EXERCISE PROMPT: Your task is to retype, exactly, the line containing "Bracelet en argent" and every later line through the end of the listing, with pictures omitted.

DATA PROVIDED:

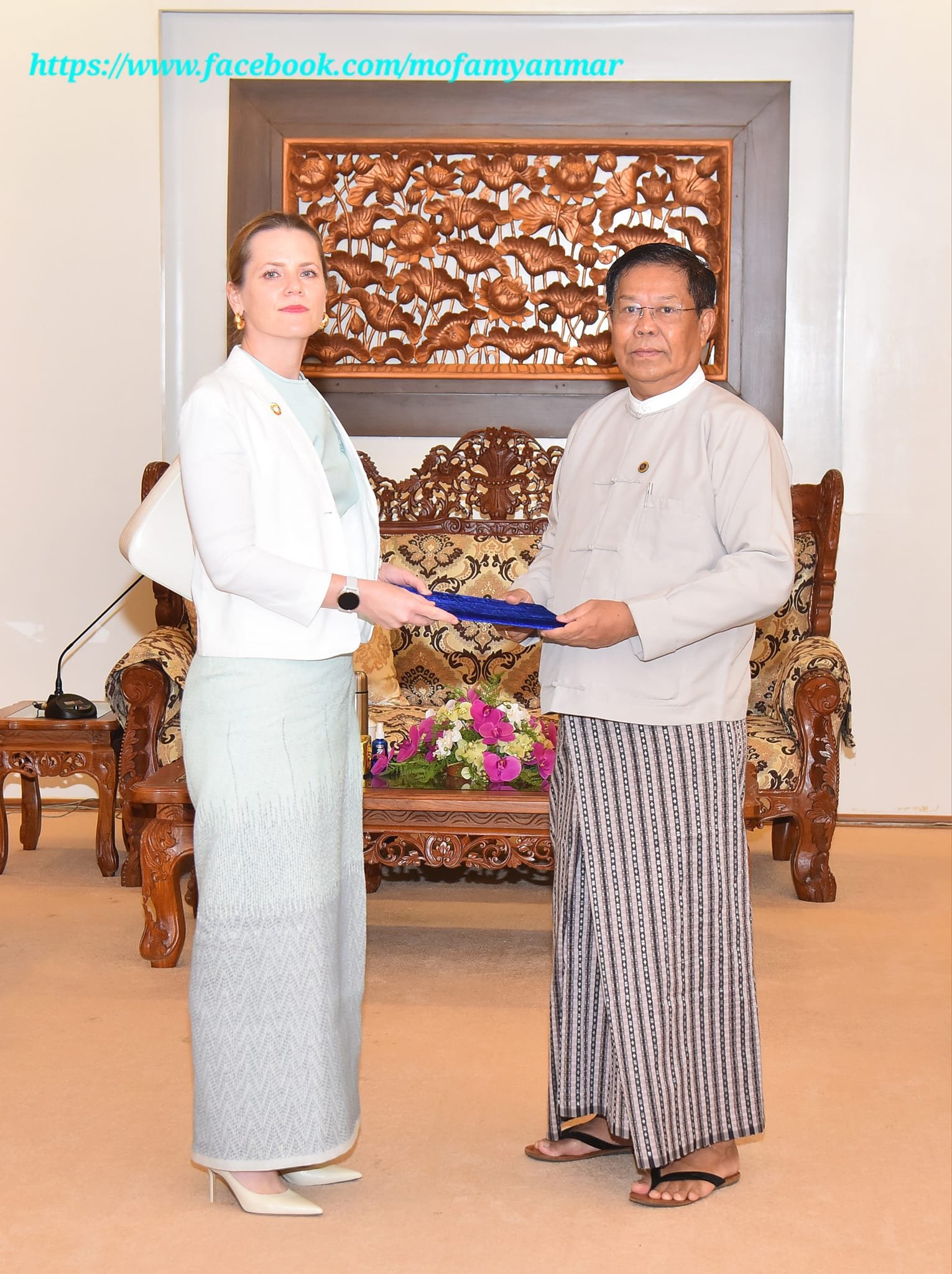 Country Director and Representative of UNOPS Myanmar presents her Credentials to the Deputy Prime Minister and Union Minister for Foreign Affairs  (6-8-2024)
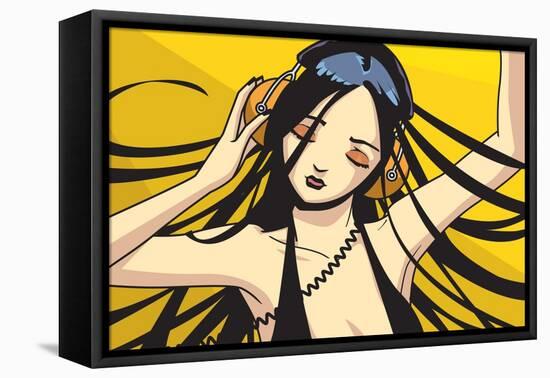 Girl with Headphones-Harry Briggs-Framed Stretched Canvas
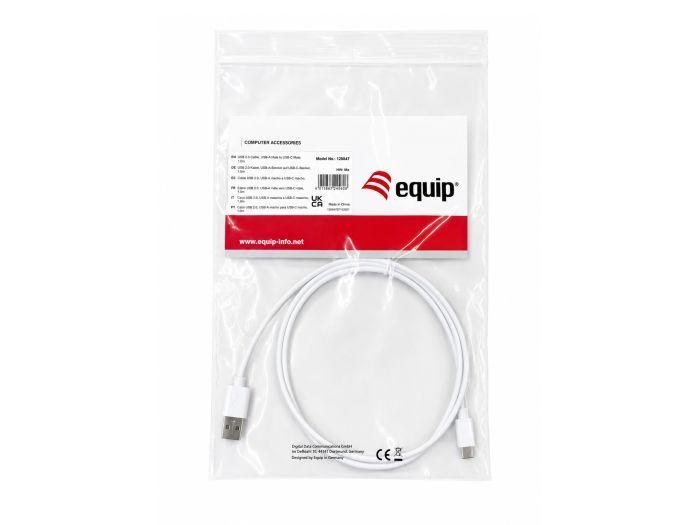 Cabo USB EQUIP 128847 (1 m - USB A - USB C - Branco), miniatura 3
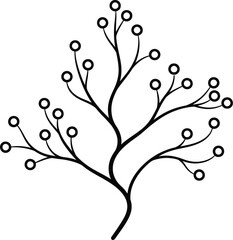 Minimalist branch with berries vector illustration isolated art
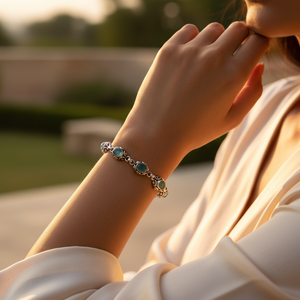 Bracelet en argent 925 avec aigue-marine pour femmes, bijoux tendance en pierres précieuses - Product Image 2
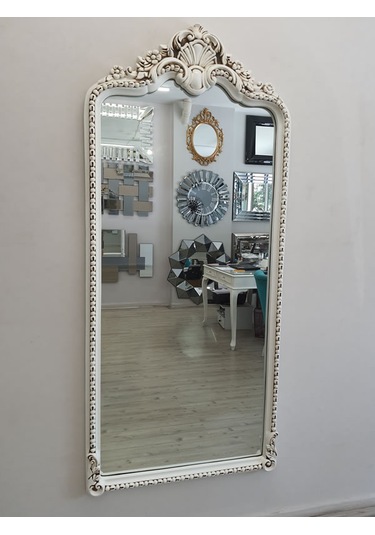 Ayna Denizi Princess Great Aging White Model Eskitme Beyaz Renk Dekoratif Boy Aynası Eskitme Beyaz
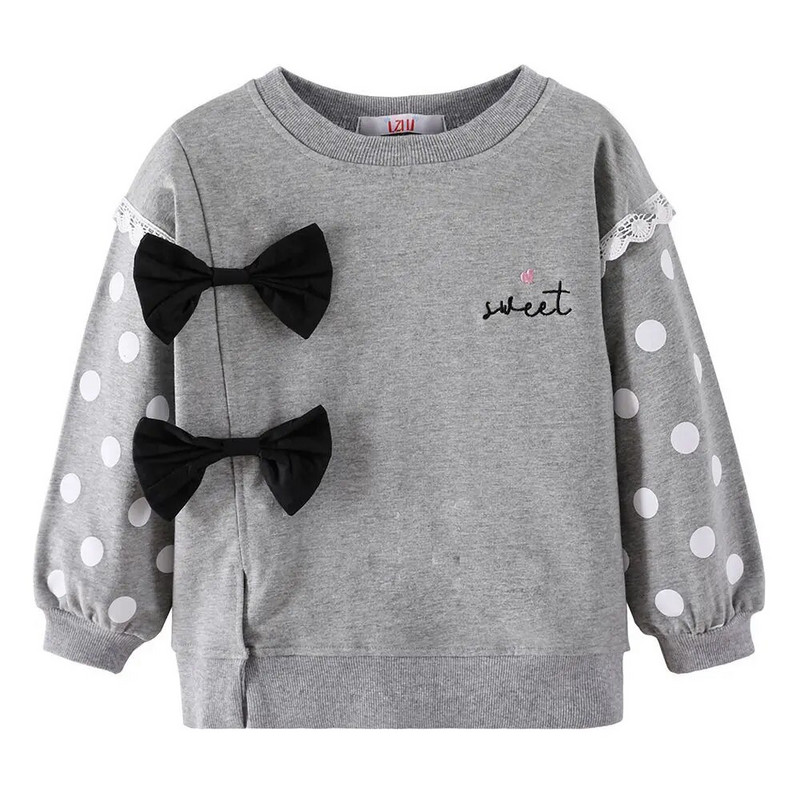 LZH Dječja odjeća Dukserica dugih rukava za djevojčice Podebljana mašna Ležerna jesen zima Dječja odjeća Majice za djevojčice 2-6 godina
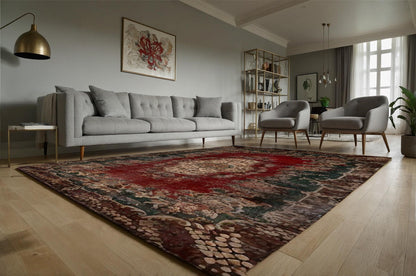 Red Vintage oriental Rug: Classic Washable Rug with Tassels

RESULT BELOW:
 Bracelet en argent 925 avec aigue-marine pour femmes, bijoux tendance en pierres précieuses - Product Image 2
 Ayna Denizi Princess Great Aging White Model Eskitme Beyaz Renk Dekoratif Boy Aynası Eskitme Beyaz
 LZH Dječja odjeća Dukserica dugih rukava za djevojčice Podebljana mašna Ležerna jesen zima Dječja odjeća Majice za djevojčice 2-6 godina
 Red Vintage oriental Rug: Classic Washable Rug with Tassels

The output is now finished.